Over the past two seasons, a number of high-profile cases have provoked criticism of the immediate management of head injuries. However, concern has also grown around the possibility of players suffering from Chronic Traumatic Encephalopathy (CTE) a degenerative brain disease that leads to memory problems, personality swings and a general slowing-down of movement.
CTE does not usually become apparent until middle age, and can only be confirmed conclusively by post-mortem analysis. It has been suggested that rugby players could be particularly susceptible owing to the extremely physical - and possibly increasingly physical - nature of the game. CTE has already been identified in a number of individuals who previously engaged in contact sports.
However, the evidence to date is still patchy and largely anecdotal. Willie Stewart, a consultant neuropathologist at Glasgow Southern Hospital and a leading expert in the field, suggested more data was needed and former Test players could play a valuable role in the research.
"Recruitment is going well," said Dr Stewart of the early stages of the project. "However, the more former players who come forward to participate in the project, the better it will be for rugby union."

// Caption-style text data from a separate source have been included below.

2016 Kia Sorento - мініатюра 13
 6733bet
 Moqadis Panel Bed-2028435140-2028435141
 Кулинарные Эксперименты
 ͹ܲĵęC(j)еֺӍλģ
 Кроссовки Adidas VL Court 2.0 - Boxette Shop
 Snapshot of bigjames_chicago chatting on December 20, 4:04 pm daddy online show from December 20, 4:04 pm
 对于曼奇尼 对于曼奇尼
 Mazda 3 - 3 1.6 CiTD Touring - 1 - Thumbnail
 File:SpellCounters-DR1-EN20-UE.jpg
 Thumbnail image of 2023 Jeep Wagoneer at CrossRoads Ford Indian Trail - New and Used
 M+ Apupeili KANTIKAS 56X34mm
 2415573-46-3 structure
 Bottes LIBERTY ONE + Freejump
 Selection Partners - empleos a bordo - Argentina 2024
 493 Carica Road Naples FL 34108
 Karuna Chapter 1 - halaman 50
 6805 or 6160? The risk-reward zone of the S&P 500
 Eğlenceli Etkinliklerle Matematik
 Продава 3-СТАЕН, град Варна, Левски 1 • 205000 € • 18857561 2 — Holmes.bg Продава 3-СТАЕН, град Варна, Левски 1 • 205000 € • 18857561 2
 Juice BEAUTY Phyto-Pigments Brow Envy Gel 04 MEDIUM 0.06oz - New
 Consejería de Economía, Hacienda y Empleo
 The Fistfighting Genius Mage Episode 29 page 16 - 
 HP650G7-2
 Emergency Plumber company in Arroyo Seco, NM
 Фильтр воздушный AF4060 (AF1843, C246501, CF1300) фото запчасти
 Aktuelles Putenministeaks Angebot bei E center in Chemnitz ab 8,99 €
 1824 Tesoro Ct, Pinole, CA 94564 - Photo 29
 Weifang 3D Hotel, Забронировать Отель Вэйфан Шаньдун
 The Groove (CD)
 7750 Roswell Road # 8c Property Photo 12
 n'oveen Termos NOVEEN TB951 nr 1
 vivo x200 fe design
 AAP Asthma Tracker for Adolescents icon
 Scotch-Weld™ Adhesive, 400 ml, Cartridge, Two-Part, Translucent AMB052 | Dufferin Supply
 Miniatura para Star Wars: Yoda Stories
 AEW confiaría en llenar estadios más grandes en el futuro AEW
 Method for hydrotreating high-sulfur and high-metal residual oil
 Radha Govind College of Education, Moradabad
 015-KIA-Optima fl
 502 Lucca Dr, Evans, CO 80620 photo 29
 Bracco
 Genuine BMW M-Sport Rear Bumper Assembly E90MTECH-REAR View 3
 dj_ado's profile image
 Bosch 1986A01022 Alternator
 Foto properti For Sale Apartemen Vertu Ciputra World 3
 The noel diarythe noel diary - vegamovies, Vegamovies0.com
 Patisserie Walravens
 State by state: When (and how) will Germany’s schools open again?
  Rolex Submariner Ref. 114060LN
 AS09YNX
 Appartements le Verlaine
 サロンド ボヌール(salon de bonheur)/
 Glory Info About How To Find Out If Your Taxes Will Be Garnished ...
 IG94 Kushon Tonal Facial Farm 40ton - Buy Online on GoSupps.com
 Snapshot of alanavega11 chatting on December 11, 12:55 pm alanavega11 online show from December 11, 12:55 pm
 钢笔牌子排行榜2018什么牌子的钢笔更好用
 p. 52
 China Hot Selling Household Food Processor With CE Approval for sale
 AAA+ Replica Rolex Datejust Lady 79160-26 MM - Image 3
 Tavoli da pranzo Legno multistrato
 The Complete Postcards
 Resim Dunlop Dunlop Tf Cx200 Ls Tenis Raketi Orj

It is understood that players from the east side of Scotland had been more responsive than their counterparts in the west to appeals to get involved in the study, but the researchers are keen to get as many players involved as they can.
"We are pledged to make the game as safe as it can be within Scotland," said Dr James Robson, the SRU's chief medical officer. "Player welfare has improved considerably but that does not mean we can rest on our laurels."